An durchgängig digitalen Verfahren und Serviceleistungen arbeiten Verwaltungen in allen untersuchten Ländern. Die Bürgerinnen und Bürger bestätigen überall mehrheitlich, dass es mit dem digitalen Angebot schrittweise aufwärtsgeht. In Deutschland verläuft die Kurve allerdings deutlich flacher als in Frankreich, Großbritannien, Norwegen und Spanien. 52 Prozent der Bundesbürger, vier Prozentpunkte weniger als im Vorjahr, sagen, dass sie heute mehr Behördenleistungen online in Anspruch nehmen können als vor einigen Jahren. In Frankreich und Norwegen sind es mehr als 80 Prozent, in Großbritannien und Spanien mehr als 70 Prozent.

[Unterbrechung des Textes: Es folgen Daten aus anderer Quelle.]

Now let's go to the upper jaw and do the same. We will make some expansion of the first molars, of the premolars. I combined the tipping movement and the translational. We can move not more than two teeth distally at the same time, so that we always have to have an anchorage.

Die gute Nachricht für Deutschland: Einzelbereiche der öffentlichen Verwaltung bewerten in diesem Jahr mehr Bundesbürger positiv als noch 2017. Dabei stechen die Finanzverwaltungen hervor. Leistungen wie das Erstellen und die Abgabe der elektronischen Steuererklärung kommen in der Bevölkerung gut an. Etwas getan hat sich in der Wahrnehmung der Bürgerinnen und Bürger im Vergleich zur Vorjahresbefragung unter anderem beim Online-Angebot von Justiz und Polizei.

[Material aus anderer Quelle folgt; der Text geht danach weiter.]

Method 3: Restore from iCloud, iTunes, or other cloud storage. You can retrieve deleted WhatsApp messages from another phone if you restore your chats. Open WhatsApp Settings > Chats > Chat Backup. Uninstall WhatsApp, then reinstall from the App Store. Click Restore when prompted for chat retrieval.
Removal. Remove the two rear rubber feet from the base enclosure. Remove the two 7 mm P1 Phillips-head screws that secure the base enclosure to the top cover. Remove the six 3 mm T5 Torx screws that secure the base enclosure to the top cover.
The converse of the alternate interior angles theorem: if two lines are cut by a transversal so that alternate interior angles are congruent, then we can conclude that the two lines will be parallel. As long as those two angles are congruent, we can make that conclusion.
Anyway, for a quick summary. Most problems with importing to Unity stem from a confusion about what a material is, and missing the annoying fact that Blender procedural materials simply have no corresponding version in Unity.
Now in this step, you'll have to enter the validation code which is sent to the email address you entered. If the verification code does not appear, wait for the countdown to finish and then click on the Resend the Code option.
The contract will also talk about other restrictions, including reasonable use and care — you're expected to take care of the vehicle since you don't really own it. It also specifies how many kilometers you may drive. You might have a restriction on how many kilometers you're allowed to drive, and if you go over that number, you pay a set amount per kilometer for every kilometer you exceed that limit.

Die Nutzung schneller digitaler Kommunikationskanäle und Analysemethoden bei der Polizei sowie Fortschritte beim elektronischen Rechtsverkehr kommen bei der Bevölkerung an. Vereinfachungen in Einwohnermeldeangelegenheiten wie in der Stadt Düsseldorf werden ebenfalls wahrgenommen. Dort gibt es beispielsweise einen online buchbaren Kurierservice für Ausweisdokumente, und Fotografen können digitale Passbilder direkt und medienbruchfrei in die Antragsvorgänge des Einwohnermeldeamtes übermitteln.